TORONTO (Reuters) - Canada’s dollar shot up one U.S. cent on Friday after a stronger-than-expected jobs report showed a record number of Canadians returned to work in April, adding pressure on the Bank of Canada to raise rates soon.
The currency firmed to a session high of C$1.0338 to the U.S. dollar, or 96.73 U.S. cents, from about C$1.0448, or 95.71 U.S. cents just before the data’s release.
Statistics Canada on Friday said the economy added 108,700 jobs in the month, the highest since Statscan began tracking the data in 1976 and exceeding even the most upbeat estimate in a Reuters poll which yielded a median forecast of 25,000 new jobs.
“In more normal times this would be a huge lift for the Canadian dollar. We’ve seen a bit of a lift for the Canadian dollar, but obviously we’re not normal times,” said Craig Wright, chief economist at Royal Bank of Canada.
“People are still looking to developments in Europe to take direction and it’s the old risk-on and risk-off trade. If people become more comfortable with risk the environment for another run at parity for Canada is there.”
At 7:39 a.m.
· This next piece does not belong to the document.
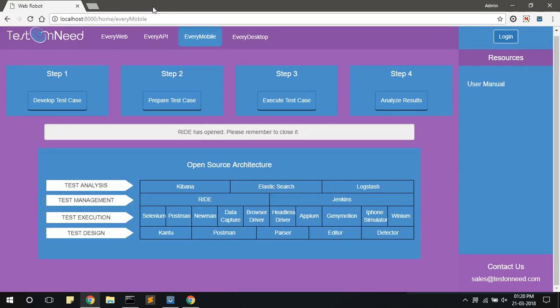To post your projects, visit our website testonme.com. For further assistance, contact us on sales at the rate testonme.com. Do connect with us on our Twitter and LinkedIn accounts. Stay tuned. Thank you.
EDT, the Canadian currency was at C$1.0380 to the U.S. dollar, or 96.34 U.S. cents, higher than its close on Thursday of C$1.0523 to the U.S. dollar, or 95.03 U.S. cents.
Yields on overnight index swaps, which trade based on expectations for the central bank’s key policy rate, jumped on Friday, showing the market saw tightening as more likely than before the data..
Last month, the Bank of Canada took a first step toward tightening monetary policy by removing a commitment to keep rates at a rock-bottom 0.25 percent until the end of June. Most market players now expect it to raise rates to 0.50 percent on June 1.
Supporting the currency’s move higher on Friday morning was firmer oil prices, which edged toward $78 a barrel, and U.S. stock index futures, which signaled a rebound after a steep fall in the previous session.
Market watchers will now eye April’s U.S. non-farm payrolls data, with economists polled by Reuters expecting that employers added 200,000 jobs last month after a 162,000 increase in March. The data is due at 8:30 a.m..
The currency’s move higher comes a day after Canada’s dollar plunged on Thursday, hitting a near 3-month low against the greenback in its steepest intraday drop since the market crash of 2008, on fears Greece’s debt crisis may spread to other euro zone countries and threaten the economic recovery.
Canadian government bond prices slumped across the curve, as the strong domestic jobs data hinted at the higher rate environment.
The two-year government bond fell 21 Canadian cents to C$99.23 to yield 1.883 percent, while the 10-year bond dropped 38 Canadian cents to C$99.77 to yield 3.528 percent.